The McClellan Summation Index is a long-term version of the McClellan Oscillator. It is a market breadth indicator, and interpretation is similar to that of the McClellan Oscillator, except that it is more suited to major trends. I believe readings of +1000/-1000 reveal markets as much extended.

The VIX is a widely used measure of market risk, and is often referred to as the "investor fear gauge." Our own interpretation is highlighted in the chart above. The VIX measures the level of put option activity over a 30-day period. Greater buying of put options (protection) causes the index to rise.

Concluding Remarks

The ISM Mfg data was pretty ugly. In fact, most manufacturing globally is negative. Most analysts are cutting economic growth estimates for the fourth quarter to below 2%, with some as low as 1%. If this is true, and with many country economies in recession, raising taxes doesn't sound like a good plan.

Oracle is one of more than 70 companies rushing to pay out special dividends before year-end, since taxes on dividends would rise to ordinary income vs. 15%. Most of this is positive initially, but then negative ultimately. Insiders are the primary beneficiaries who own low cost basis stock, and it's like a holiday bonus. (It would be fun if Warren Buffett took the same path.)

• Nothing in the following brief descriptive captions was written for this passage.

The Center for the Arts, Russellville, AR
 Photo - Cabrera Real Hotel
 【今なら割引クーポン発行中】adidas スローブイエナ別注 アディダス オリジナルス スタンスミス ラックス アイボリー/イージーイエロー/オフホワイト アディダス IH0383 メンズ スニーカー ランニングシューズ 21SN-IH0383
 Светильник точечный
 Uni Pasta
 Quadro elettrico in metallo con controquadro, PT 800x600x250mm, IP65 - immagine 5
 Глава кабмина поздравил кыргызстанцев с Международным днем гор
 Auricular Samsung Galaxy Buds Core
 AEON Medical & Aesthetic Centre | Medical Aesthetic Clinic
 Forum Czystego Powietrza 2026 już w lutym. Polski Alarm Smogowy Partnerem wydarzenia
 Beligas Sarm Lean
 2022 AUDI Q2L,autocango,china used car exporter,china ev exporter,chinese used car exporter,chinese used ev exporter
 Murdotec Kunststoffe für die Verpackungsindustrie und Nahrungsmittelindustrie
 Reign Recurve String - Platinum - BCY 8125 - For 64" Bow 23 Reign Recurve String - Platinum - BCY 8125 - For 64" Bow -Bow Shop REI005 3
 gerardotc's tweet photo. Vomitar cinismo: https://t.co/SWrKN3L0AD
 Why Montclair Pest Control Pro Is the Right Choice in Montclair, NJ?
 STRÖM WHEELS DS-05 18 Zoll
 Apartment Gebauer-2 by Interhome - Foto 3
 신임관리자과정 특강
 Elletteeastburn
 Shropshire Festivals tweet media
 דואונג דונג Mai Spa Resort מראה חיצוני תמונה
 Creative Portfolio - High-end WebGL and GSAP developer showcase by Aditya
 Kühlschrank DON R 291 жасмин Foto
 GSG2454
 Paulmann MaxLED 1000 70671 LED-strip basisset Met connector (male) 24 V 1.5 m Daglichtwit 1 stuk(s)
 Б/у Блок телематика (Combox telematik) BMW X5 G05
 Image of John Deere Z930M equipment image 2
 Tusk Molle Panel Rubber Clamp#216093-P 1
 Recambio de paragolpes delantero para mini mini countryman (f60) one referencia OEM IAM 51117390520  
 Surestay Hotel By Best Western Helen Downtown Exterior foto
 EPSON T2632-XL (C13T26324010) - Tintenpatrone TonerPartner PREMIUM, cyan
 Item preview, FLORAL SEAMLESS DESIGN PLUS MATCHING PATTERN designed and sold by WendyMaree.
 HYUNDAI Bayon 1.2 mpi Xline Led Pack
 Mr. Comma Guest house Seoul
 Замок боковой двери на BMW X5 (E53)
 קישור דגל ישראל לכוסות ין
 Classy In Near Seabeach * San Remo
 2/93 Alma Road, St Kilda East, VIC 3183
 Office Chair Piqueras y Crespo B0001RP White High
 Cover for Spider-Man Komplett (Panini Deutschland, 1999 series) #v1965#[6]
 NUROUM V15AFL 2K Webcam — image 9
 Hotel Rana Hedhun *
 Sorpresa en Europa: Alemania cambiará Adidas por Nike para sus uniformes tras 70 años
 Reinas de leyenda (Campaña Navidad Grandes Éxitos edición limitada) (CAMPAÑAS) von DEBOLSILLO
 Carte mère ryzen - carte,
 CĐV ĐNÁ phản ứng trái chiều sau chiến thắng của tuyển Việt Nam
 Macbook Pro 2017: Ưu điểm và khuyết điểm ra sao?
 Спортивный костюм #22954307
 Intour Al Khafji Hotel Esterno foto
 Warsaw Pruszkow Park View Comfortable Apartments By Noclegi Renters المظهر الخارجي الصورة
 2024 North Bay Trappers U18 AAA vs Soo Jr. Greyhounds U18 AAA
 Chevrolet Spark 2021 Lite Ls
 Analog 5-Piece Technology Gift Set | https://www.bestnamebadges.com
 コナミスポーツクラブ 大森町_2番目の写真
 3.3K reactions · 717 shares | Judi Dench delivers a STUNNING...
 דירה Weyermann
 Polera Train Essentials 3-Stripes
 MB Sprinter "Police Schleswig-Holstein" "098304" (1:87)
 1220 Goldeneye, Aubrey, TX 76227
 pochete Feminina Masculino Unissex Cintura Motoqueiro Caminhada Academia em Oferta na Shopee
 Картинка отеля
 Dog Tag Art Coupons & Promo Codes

The Republicans have put forth a plan for the fiscal cliff, and the WH has already dismissed it in the same manner as Republicans did theirs. The beat goes on.

Disclaimer: The ETF Digest maintains an active ETF trading portfolio and a wide selection of ETFs away from portfolios in an independent listing. Current "trading" positions in active portfolios, if any, are embedded within charts: Lazy & Hedged Lazy Portfolios maintain the follow positions: VT, MGV, BND, BSV, VGT, VWO, VNO, IAU, DJCI, DJP, VMBS, VIG, ILF, EWA, IEV, EWC, EWJ, EWG, & EWU.

The charts and comments are only the author's view of market activity and aren't recommendations to buy or sell any security. Market sectors and related ETFs are selected based on his opinion as to their importance in providing the viewer a comprehensive summary of market conditions for the featured period. Chart annotations aren't predictive of any future market action rather, they only demonstrate the author's opinion as to a range of possibilities going forward.